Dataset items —

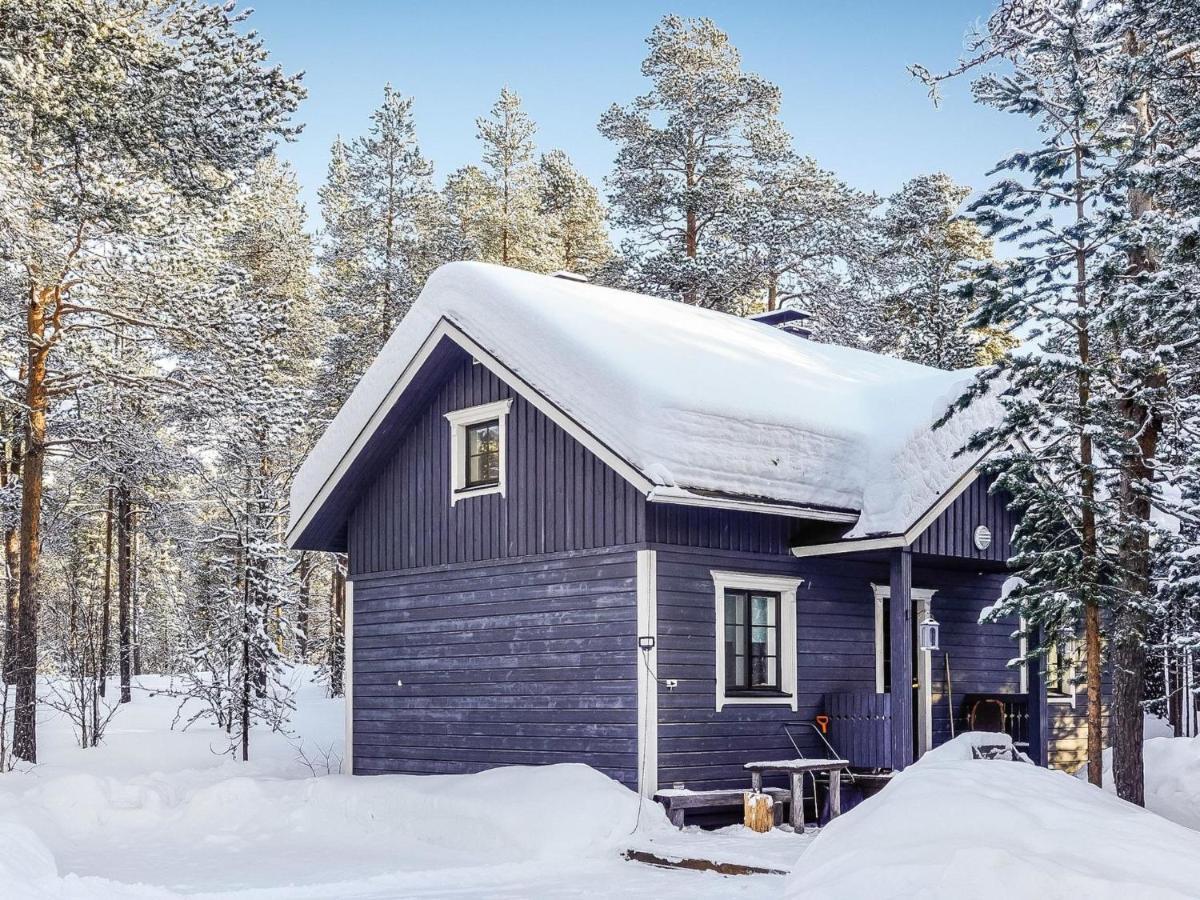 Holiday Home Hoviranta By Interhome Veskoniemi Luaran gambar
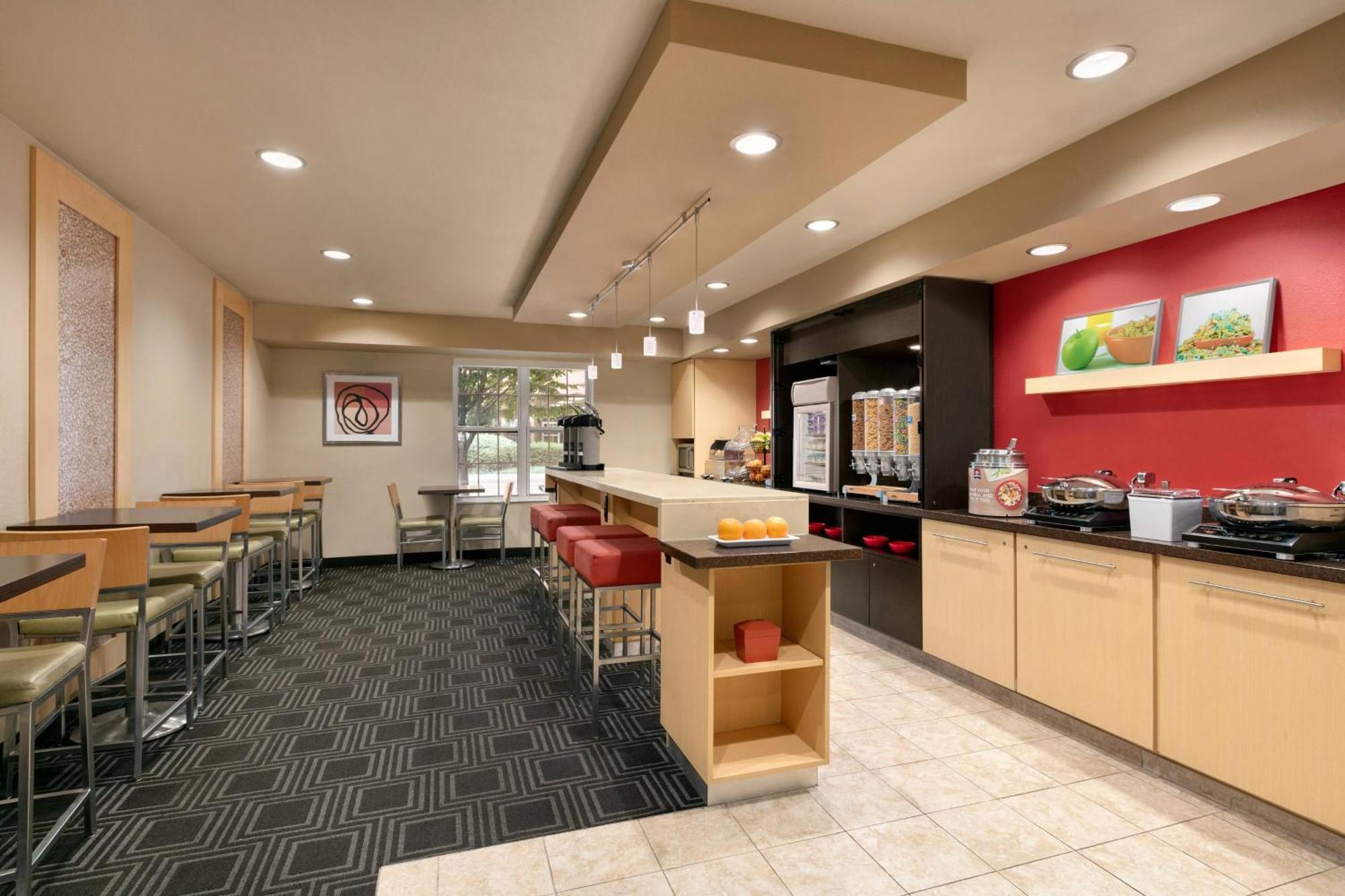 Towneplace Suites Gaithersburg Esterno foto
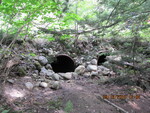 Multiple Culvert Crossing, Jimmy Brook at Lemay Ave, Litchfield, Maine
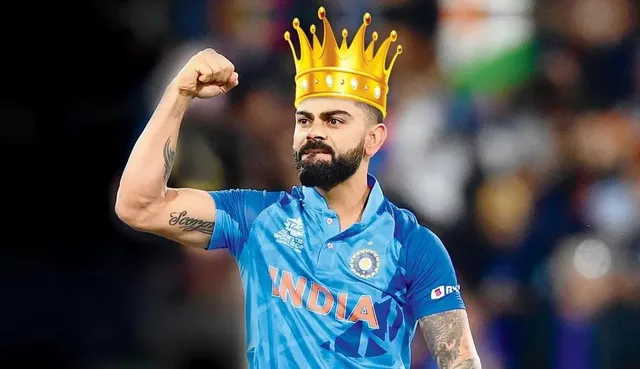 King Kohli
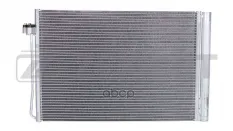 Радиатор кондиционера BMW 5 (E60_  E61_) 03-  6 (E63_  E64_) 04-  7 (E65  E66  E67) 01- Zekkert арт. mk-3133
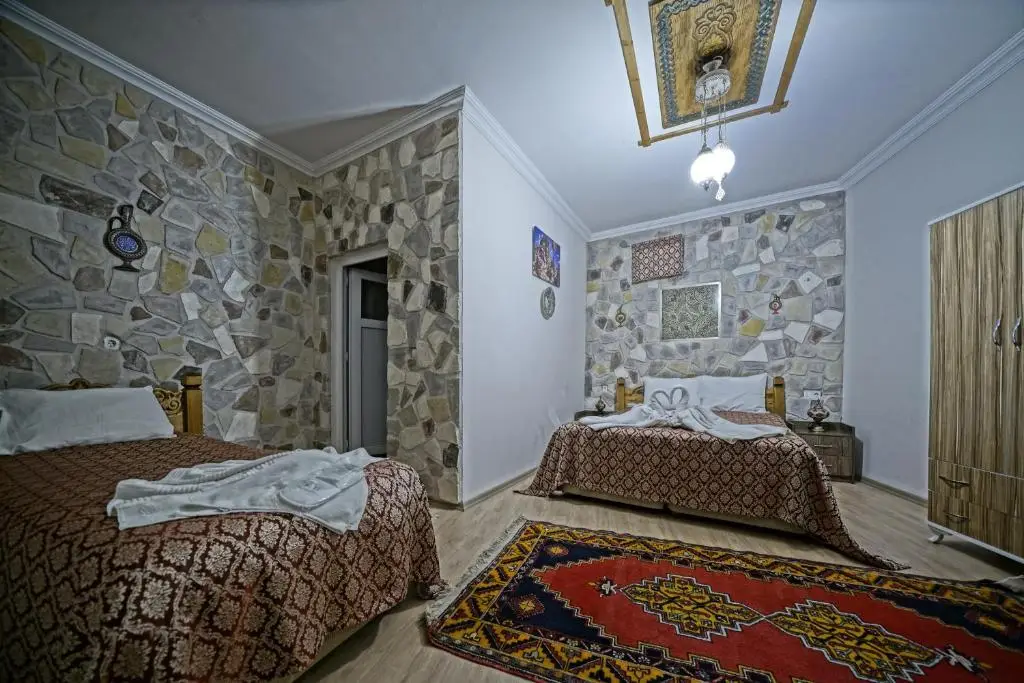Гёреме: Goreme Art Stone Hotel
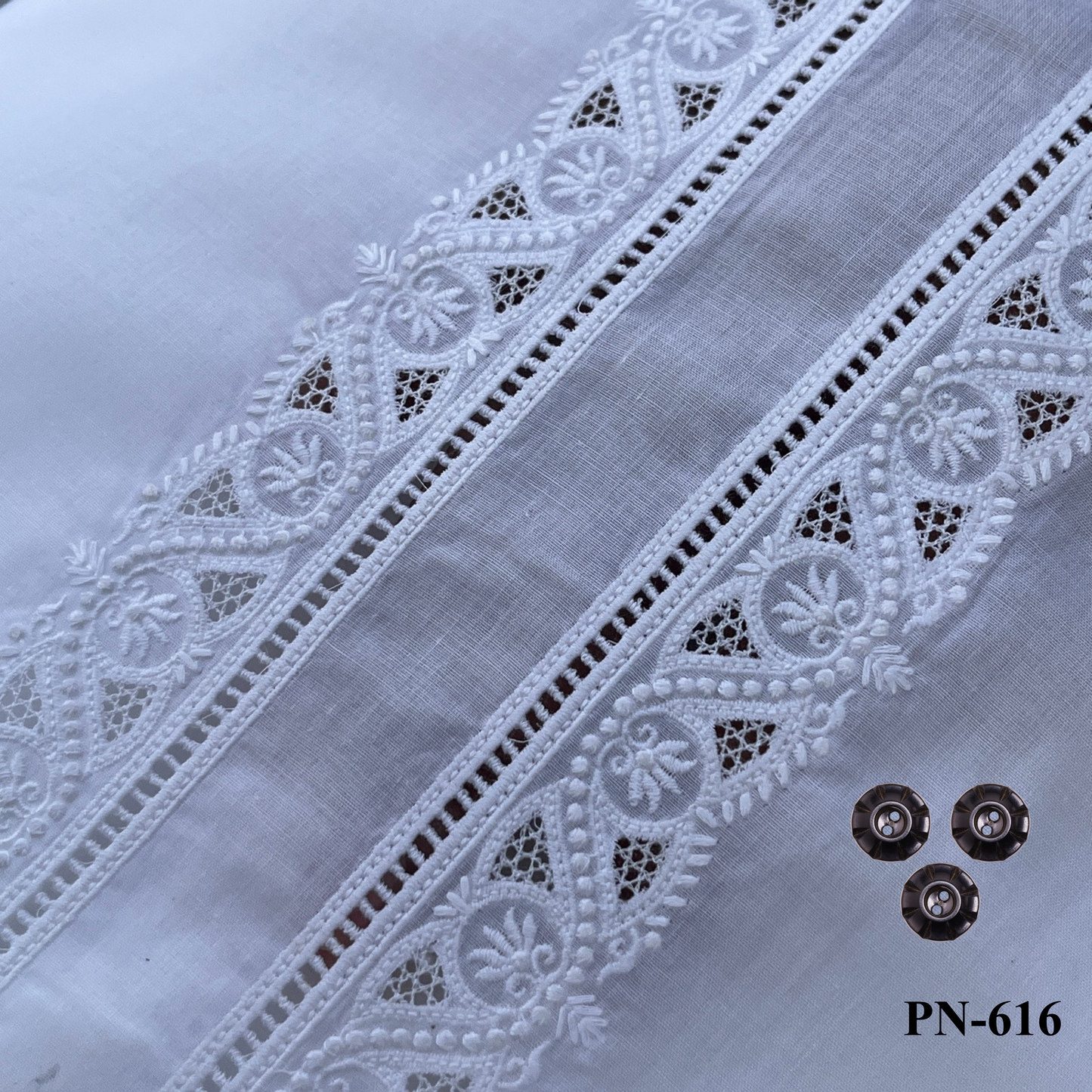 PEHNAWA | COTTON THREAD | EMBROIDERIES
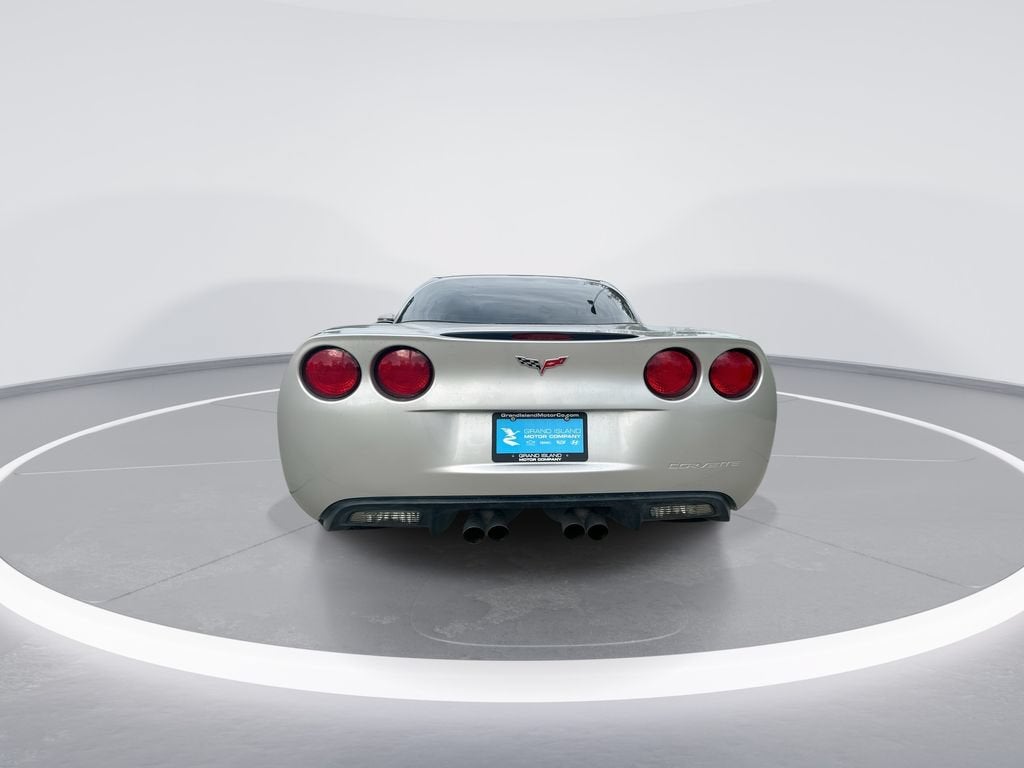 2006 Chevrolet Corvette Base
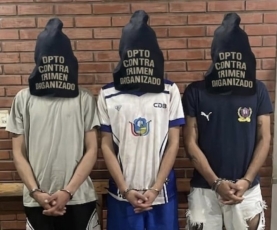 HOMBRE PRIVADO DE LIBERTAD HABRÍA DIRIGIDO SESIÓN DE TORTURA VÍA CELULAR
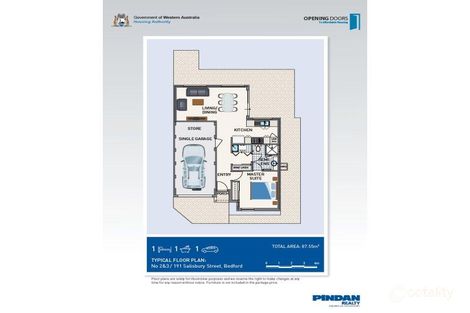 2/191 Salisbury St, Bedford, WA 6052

Your task —
Every line from the one containing "2006 Chevrolet Corvette Base" through the end of the records is to be returned exactly, and those lines alone; pictures are dropped.

Solution to this exercise —
 2006 Chevrolet Corvette Base
 HOMBRE PRIVADO DE LIBERTAD HABRÍA DIRIGIDO SESIÓN DE TORTURA VÍA CELULAR
 2/191 Salisbury St, Bedford, WA 6052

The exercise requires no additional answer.